We recently announced Terragraph, a multi-node wireless network that delivers high-speed internet connectivity to dense urban areas using small nodes. Terragraph is functionally more similar to wired networks in terms of bandwidth and latency, and it features complex topology and intelligent Layer 2 technology, allowing traffic to be sent only where it is needed.
Today at Networking @Scale, we introduced Open/R, the extensible distributed network application platform that powers the Terragraph network. Although Open/R began as routing software for Terragraph, it has evolved into a platform that allows us to rapidly prototype and deploy new applications in the network. We have also successfully adapted Open/R for use with other parts of Facebook's networking infrastructure.
With Terragraph and Open/R, we can produce cost-effective solutions and iterate more quickly, which in turn will help us improve the speed, efficiency, and quality of internet connectivity around the world. We are continuing to iterate on these technologies with the ultimate goal of contributing them to the open source community and to the Telecom Infra Project (TIP) for use in the broader ecosystem.

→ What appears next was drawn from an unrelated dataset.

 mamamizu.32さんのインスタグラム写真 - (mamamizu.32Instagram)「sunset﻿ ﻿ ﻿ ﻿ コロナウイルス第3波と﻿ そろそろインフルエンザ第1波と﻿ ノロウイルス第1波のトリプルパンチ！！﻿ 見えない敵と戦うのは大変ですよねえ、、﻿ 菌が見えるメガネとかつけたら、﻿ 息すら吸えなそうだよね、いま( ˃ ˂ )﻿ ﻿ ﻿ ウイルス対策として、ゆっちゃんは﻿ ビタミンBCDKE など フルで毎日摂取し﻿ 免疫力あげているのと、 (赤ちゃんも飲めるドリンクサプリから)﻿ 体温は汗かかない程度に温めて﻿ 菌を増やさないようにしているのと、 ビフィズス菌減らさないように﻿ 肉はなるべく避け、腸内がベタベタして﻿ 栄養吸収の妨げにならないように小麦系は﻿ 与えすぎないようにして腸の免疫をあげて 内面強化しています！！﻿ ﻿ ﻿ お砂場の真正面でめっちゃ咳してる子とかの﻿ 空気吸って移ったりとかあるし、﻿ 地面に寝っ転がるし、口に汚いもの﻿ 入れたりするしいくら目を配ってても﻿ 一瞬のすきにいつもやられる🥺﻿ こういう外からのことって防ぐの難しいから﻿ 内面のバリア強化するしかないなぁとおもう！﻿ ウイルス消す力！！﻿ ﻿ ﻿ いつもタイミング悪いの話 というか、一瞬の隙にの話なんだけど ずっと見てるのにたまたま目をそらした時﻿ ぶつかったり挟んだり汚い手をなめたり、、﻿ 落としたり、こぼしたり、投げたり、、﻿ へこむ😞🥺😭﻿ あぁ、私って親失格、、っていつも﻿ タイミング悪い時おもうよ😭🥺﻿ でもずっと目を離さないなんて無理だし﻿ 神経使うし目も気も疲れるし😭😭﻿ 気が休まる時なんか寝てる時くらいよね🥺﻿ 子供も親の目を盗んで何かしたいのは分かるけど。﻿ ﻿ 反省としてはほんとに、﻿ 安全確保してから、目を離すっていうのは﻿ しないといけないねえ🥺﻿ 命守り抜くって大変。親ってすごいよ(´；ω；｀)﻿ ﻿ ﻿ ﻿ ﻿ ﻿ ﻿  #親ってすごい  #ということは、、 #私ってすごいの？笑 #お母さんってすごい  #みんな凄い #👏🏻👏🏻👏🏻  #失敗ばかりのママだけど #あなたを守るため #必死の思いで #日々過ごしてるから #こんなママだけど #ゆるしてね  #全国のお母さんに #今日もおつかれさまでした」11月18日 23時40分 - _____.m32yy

We first got the idea of building our own routing system when we were trying to solve fast-recovery challenges for the Terragraph network. Looking at existing open source projects, we found they were hard to extend quickly and in a supportable fashion. Virtually all of them were written in C for performance reasons and lacked higher-level abstractions and good testing frameworks. Given this, we decided to build our own system. We kept it simple by reusing as much open source code as possible.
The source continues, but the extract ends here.